How can I calculate the cost of piping something (at least approximately)?
For example.. I am using following command:
time gzip -kfc1 file.tar | ssh armend@xeon-server "cat > /dev/null"
It compresses a file on one computer and sends it to another over wireless connection (16Mbps). Entire command finishes in about 15 seconds.
I am would like to know the time it takes to do "gzip -kfc1 file.tar" and "ssh armend@xeon-server "cat > /dev/null" " portions.. or compression and wireless transfer portions?
How can I separate those two part? I guess I can estimate the cost of wireless transfer based on network transfer speeds, but I am would like to do know if this would somehow cut into real execution time of first task.

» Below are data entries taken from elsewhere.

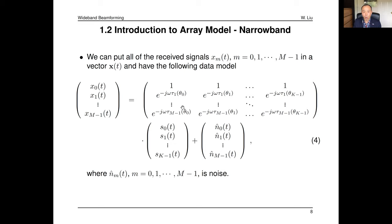This model is valid for the narrowband case. For wideband signals it will not be valid anymore, because the propagation delay between different sensors cannot be expressed as a simple complex number. For narrowband (single frequency), the delay times frequency gives a phase shift representable by a complex number. But for wideband signals, different frequency components experience different phase shifts, so you can't express that as a simple complex number — it should be a convolution.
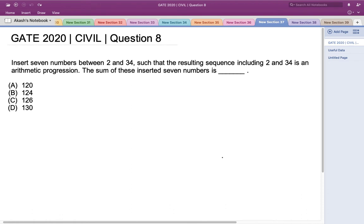Hello everyone. This is a question asked in GATE 2020 Civil Engineering Set 1: insert seven numbers between 2 and 34 such that the resulting sequence, including 2 and 34, is an arithmetic progression. The sum of these inserted seven numbers is what we need to find. We have been given the first and last numbers, 2 and 34, with seven numbers inserted in between.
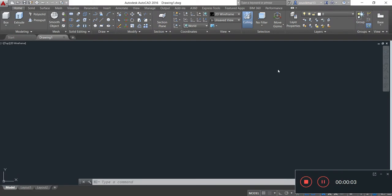Hello everyone, I am Sovik. Welcome to my channel Tying with Designs. Today we will learn how to draw a 3D suspension bridge in AutoCAD 3D, and we will learn about the commands that are needed to draw this bridge. So let's start the drawing.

Running two task separately adds extra overhead since I am writing output of first tast to drive and then use cat (with pipe) to send it over wireless network.
You can't really separate them, since ssh may begin working on the first part of the stream before gzip is done with the last part. The commands are run and the pipes are set up simultaneously, so if ssh appears to wait for gzip to finish, it's only because the pipe is buffered.
If you did run and time them separately, the results would (probably) add up to more than the total time of the piped operation.
Right. I tried to run the separately and execution times were greater...
i would expect to see little/no cost to piping, since all it should be doing is setting the stdout file handle in the sending program to be the stdin file handle in the receiving program
If I run command: time gzip -fc1 file.tar | ssh armend@server "cat > /dev/null" -- it finishes in 15.9 seconds.
If I run two parts separately, as: time gzip -fc1 file.tar > new; time cat new | ssh armend@server "cat > /dev/null"....
My time of execution ~9 seconds to compress and 15.5 seconds to send.
Right. gzip and ssh run concurrently, so the time for the whole thing to complete is basically just the time it takes for the slower command (ssh, in your case). Naively, you might say the "cost" of piping is at most 400 milliseconds (ignoring (1) the seek time of your hard drive when reading from a file, (2) the difference in the setup times of gzip and ssh (when ssh may be trying to read but blocks instead), and (3) any slowing effects caused by running two CPU-intensive processes concurrently).
However, I doubt your network speed is consistent enough to read much into the difference between 15.9 seconds and 15.5. If you're curious, run it a few dozen times and see how much it varies. I suspect you'll find this variation makes it impossible to measure any pipe overhead. Even ignoring that variable, the difference between times will still be dominated by the issues mentioned parenthetically in the previous paragraph.
I'm not really sure what you're looking for. What kind of measurement could be considered a "cost" of piping? Difference in setup time perhaps? You might measure that with a homebrew script and a carefully constructed command line, but what good would it do you?
tl;dr - your question is not well defined.